Give all of the data again exactly as written, omitting every image.

**Provided information**
=====
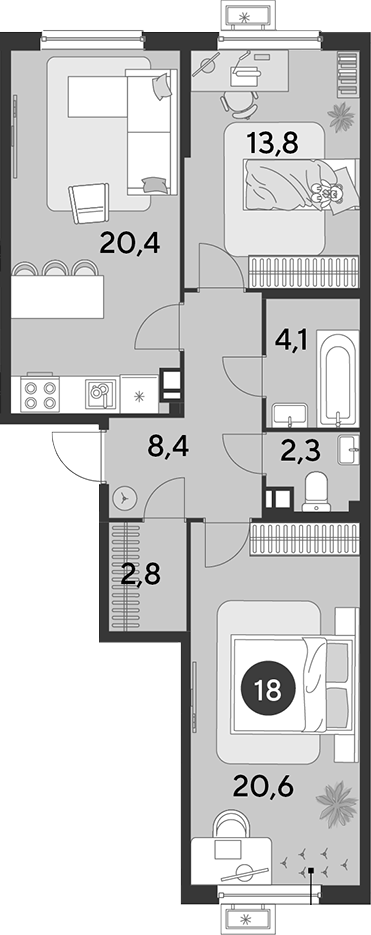3-комн., 72.4 м², 5/16 этаж, ЖК «Парк Победы»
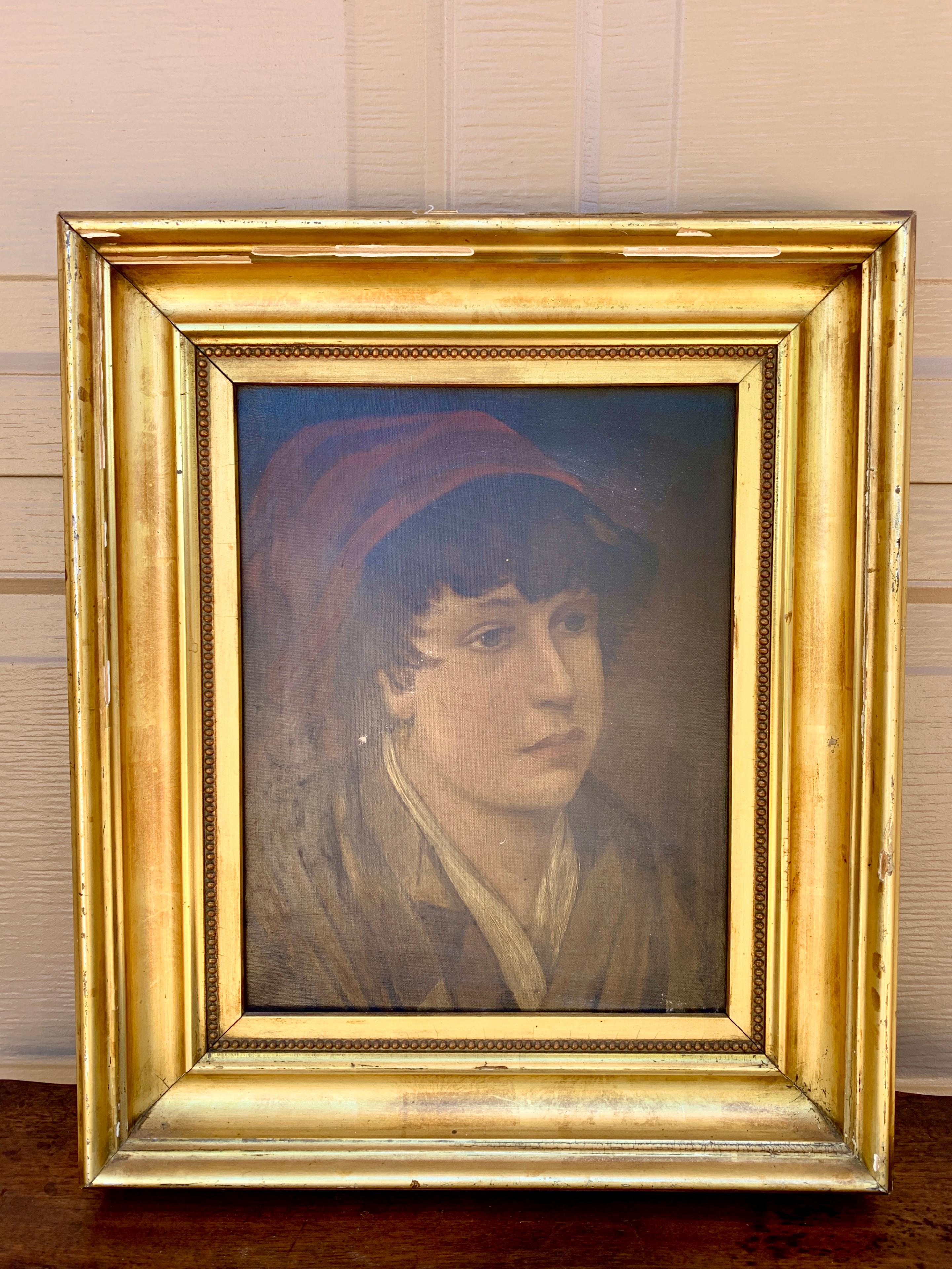 A stunning antique portrait painting of a young boy

Signed Mary E. Southard

Italy, Early 20th Century

Oil paint on canvas, presented in a giltwood frame

Measures: 18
=====
**Your solution**
3-комн., 72.4 м², 5/16 этаж, ЖК «Парк Победы»
 A stunning antique portrait painting of a young boy

Signed Mary E. Southard

Italy, Early 20th Century

Oil paint on canvas, presented in a giltwood frame

Measures: 18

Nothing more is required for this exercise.